The RBI’s decision to pause on rate hikes
- The RBI feels that money market rates have effectively risen more than the 250-basis-point yank in the repo rate since May 2022, and hence it decided to pause and assess the impact of rate hikes.
- The key reason behind the MPC decision is the expectation of a decline in inflation to 5.2% in the current fiscal, driven by a healthy rabi crop, normal monsoon, moderating international commodity prices, and the impact of rate hikes.
- The RBI acknowledges the upside risks and stated its readiness to fight any unexpected rise in inflation.
Impact on GDP growth
- The RBI expects GDP growth to slow to 6% from 7% this fiscal as slowing global growth, domestic interest rates, and messy geopolitics bite.
- Slowing global growth will be net negative for India’s exports, and the growing dependence on commodity exports makes India more vulnerable to global growth volatility.
- Fiscal 2024 will, therefore, test the resilience of India’s domestic demand amid rising interest rates.

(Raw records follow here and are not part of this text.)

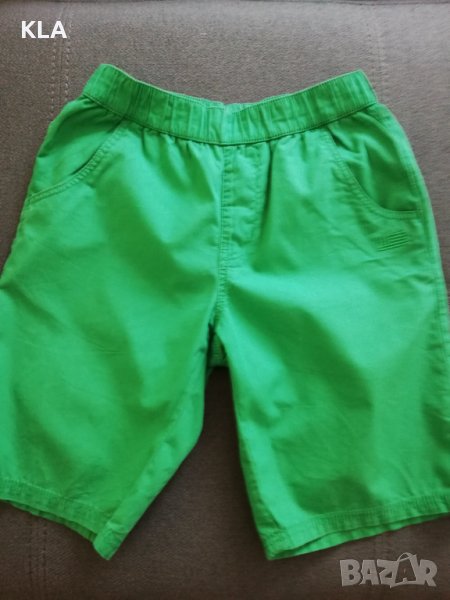 Панталонки Original Marines , снимка 1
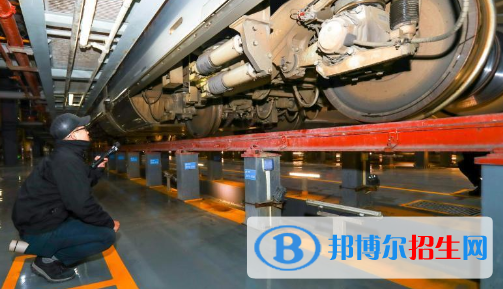 金昌2020年女生可以讀鐵路學校嗎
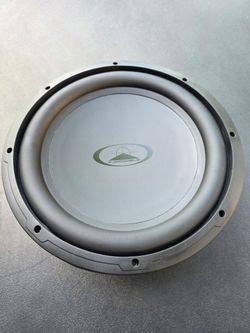 Audiomobile EVO 24 Series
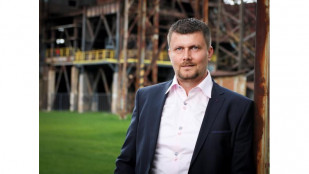 Unikátní garanční systém VIKIPID pro bezpečný internetový nákup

Reasons for the expected cooling of consumer inflation
- Fuel inflation expected to reduce: Fuel inflation is expected to reduce to 3% from a high of over 10% in the current fiscal because some easing of crude oil prices is likely as global growth slows down.
- Decline in core inflation: Slowing domestic growth will ease core inflation from very sticky levels of over 6% last fiscal to 5.5% in the current one. However, the decline in core inflation will be limited as input cost pressures have not dissipated. To protect their margins, firms will continue to pass on input costs to end-consumer. Services inflation will also continue to exert pressure as the rotation of consumption demand from goods to services continues.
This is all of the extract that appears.